Monday, May 22nd, 2017 Posted by Jim Thacker

Dabarti Capture extracts surface data from photos


Polish CGI Studio Dabarti – known for its GPU rendering and benchmarking work with V-Ray – has just released Dabarti Capture, its in-house tool for extracting surface normal data from photographs.

Capture detailed surface data from real-world objects using a small set of source images
Dabarti Capture can generate surface normal, albedo and depth/displacement maps from photographs of real-world objects, making it possible to create some pretty stunning photorealistic renders.

It requires a minimum of three source photographs, each captured from the same camera position, but under different directional lighting, and each including a “shiny spherical object” like a standard chrome ball.
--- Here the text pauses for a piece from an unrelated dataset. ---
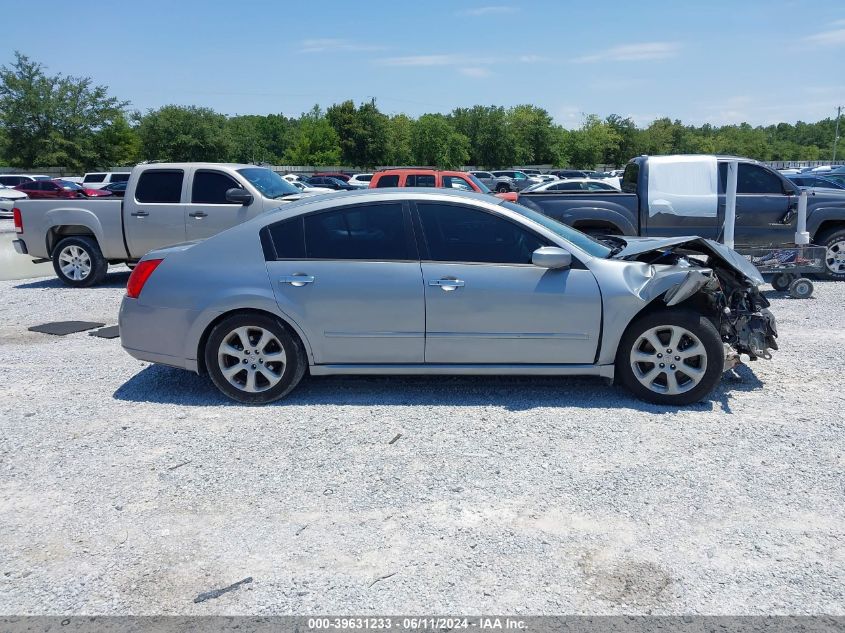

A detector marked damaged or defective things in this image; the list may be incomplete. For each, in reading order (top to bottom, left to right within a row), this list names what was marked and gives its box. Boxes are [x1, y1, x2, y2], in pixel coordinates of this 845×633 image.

damaged silver car [118, 189, 780, 404]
Once the user has generated a mask for the light probe manually for each of the source images, Dabarti Capture can use the lighting data to generate texture maps from the same camera viewpoint.
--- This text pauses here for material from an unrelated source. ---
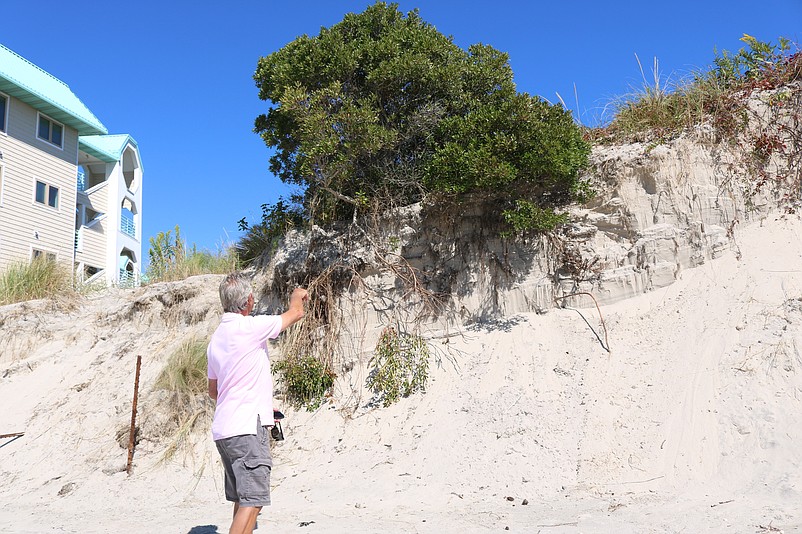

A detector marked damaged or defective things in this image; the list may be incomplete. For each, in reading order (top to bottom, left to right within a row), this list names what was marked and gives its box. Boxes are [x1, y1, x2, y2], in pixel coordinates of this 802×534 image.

Judging by the video above, it looks a quick, good-quality alternative to conventional 3D scanning or photogrammetry techniques for capturing detailed surface data from relatively small objects.

Pricing and availability
Dabarti Capture is available now for Windows only. The Lite version is free and licensed for commercial use, but limited to 1,024px output; the Pro version, which offers unlimited resolution, costs $39.